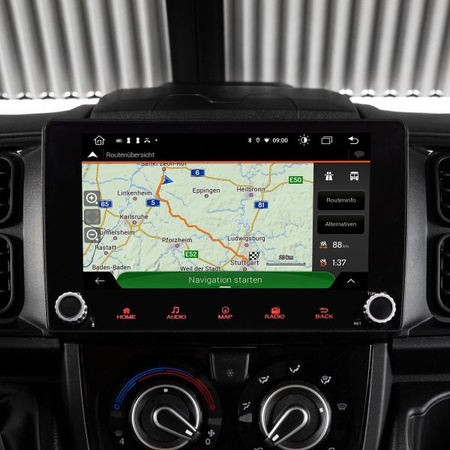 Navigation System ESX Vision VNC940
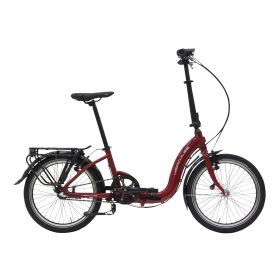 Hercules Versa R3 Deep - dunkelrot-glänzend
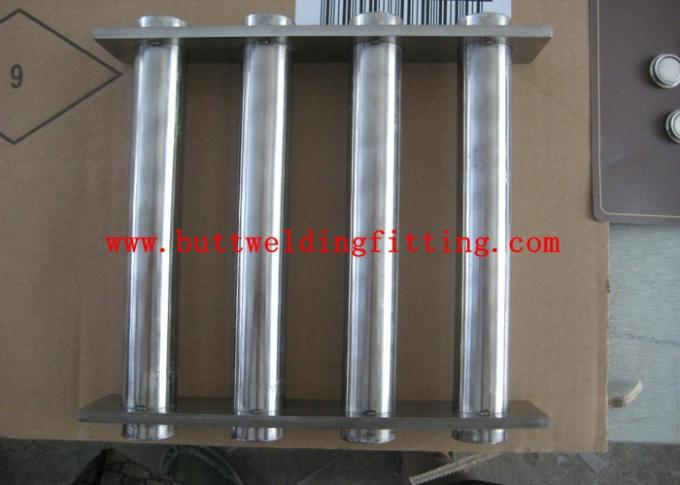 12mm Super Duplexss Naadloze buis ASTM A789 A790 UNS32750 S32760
========================================================================
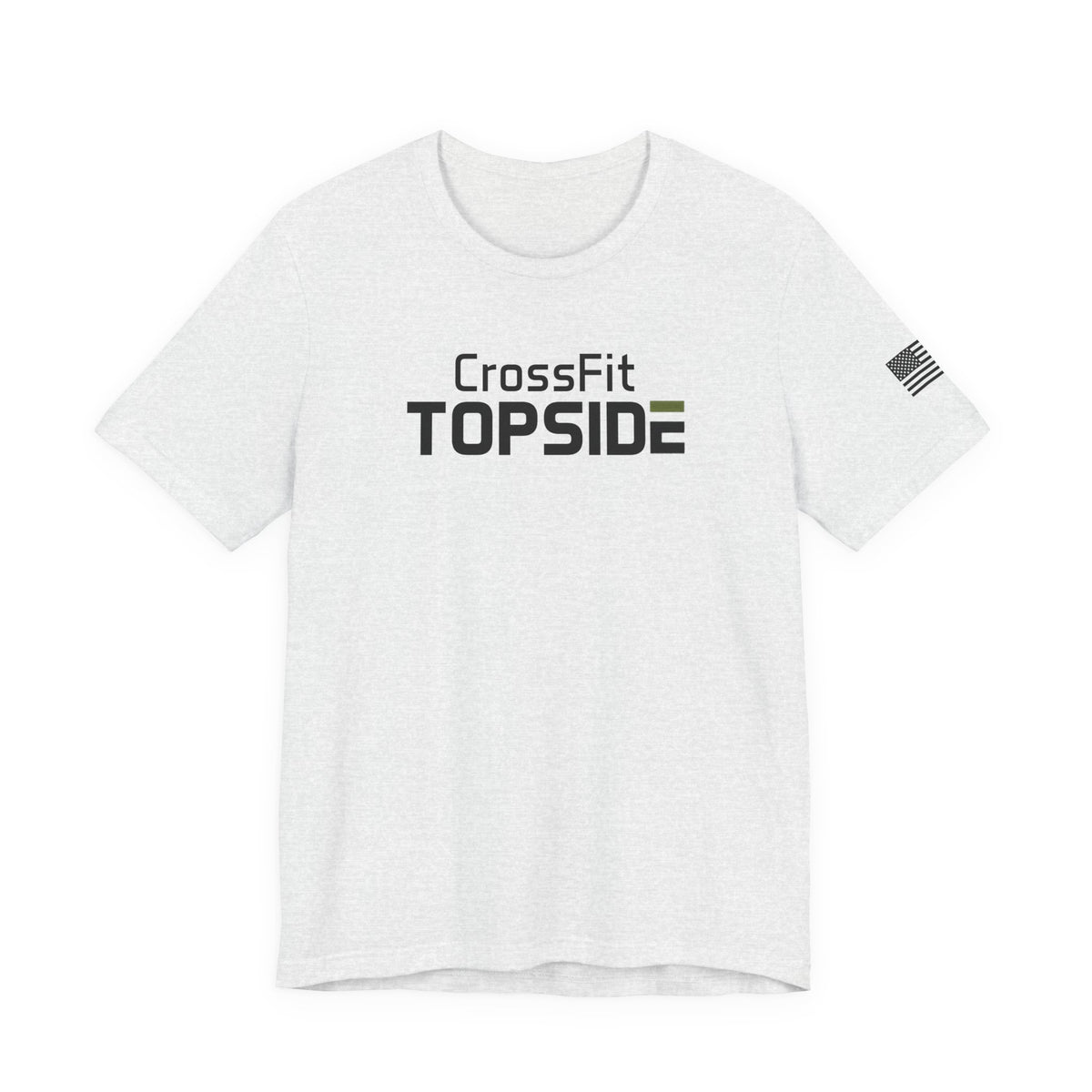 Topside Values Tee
========================================================================
• [What to produce]:
What you return must match the lines above from the one with "Navigation System ESX Vision VNC940" through the one with "12mm Super Duplexss" exactly, with both ends included and the pictures excluded.

• [Solution to this exercise]:
 Navigation System ESX Vision VNC940
 Hercules Versa R3 Deep - dunkelrot-glänzend
 12mm Super Duplexss Naadloze buis ASTM A789 A790 UNS32750 S32760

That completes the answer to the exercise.